Are mortgage brokers really free?

Yes — for the borrower in 99% of cases. Some specialist brokers charge fees for very complex deals (commercial, foreign income, bridging finance) — typically $1,500-$5,000, disclosed upfront. The lender pays the broker commission whether you go direct or via broker, so the cost to you is the same. Brokers often negotiate better rates than walk-in customers due to their volume relationships with lenders. There's no downside to using a broker for a standard residential mortgage.

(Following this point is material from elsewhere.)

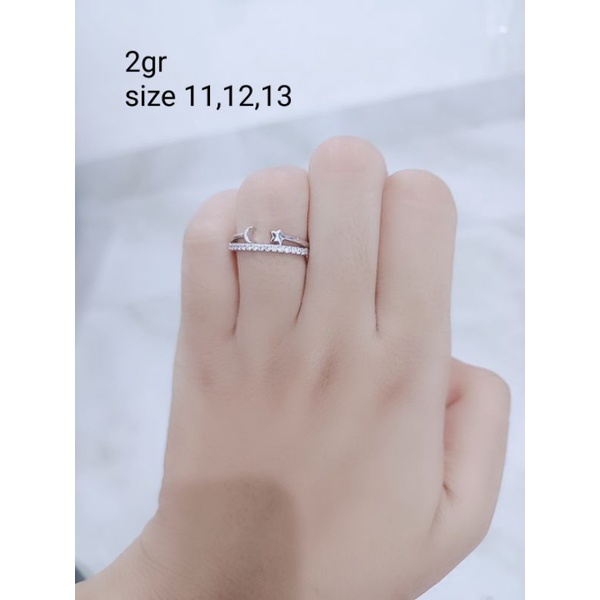 cincin bulan bintang mp 1baris/cincin perak asli silver925 lapis emas/cincin fashion wanita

Should I use the same broker for refinancing as my original purchase?

Not necessarily. The mortgage market changes constantly. A broker who was great for your purchase 5 years ago may not be the best for refinancing today. Best refinancing brokers focus on: knowing current cashback offers, negotiating discharge fees aggressively, and processing applications quickly to capture limited-time deals. Many borrowers use 2-3 different brokers across their property journey based on specialty. Loyalty has no commercial benefit — choose the best broker for your current situation.

How do I find a good mortgage broker?

Look for: 5+ years experience, MFAA or FBAA membership (industry bodies), 30+ lenders on their panel (more options), Best Interests Duty compliance documentation, transparent fee disclosure, willingness to explain options without pressure, and strong recent reviews on Google/ProductReview. Avoid brokers who: only mention 1-2 lenders, push specific products without comparing alternatives, are vague on commission disclosure, or pressure you to commit quickly. Get 2-3 brokers before deciding.

How does a mortgage broker get paid?

Mortgage brokers are paid by the lender, not by you. Standard commission: 0.65% of the loan amount upfront plus 0.15% trail commission per year. For a $600,000 loan, the broker receives ~$3,900 upfront and $900/year ongoing. Under Best Interests Duty laws (introduced 2021), brokers are legally required to recommend the loan that's in YOUR best interest, not the one paying highest commission. They must disclose all commissions in writing before you proceed.

Are mortgage brokers really free?

Yes — for the borrower in 99% of cases. Some specialist brokers charge fees for very complex deals (commercial, foreign income, bridging finance) — typically $1,500-$5,000, disclosed upfront. The lender pays the broker commission whether you go direct or via broker, so the cost to you is the same. Brokers often negotiate better rates than walk-in customers due to their volume relationships with lenders. There's no downside to using a broker for a standard residential mortgage.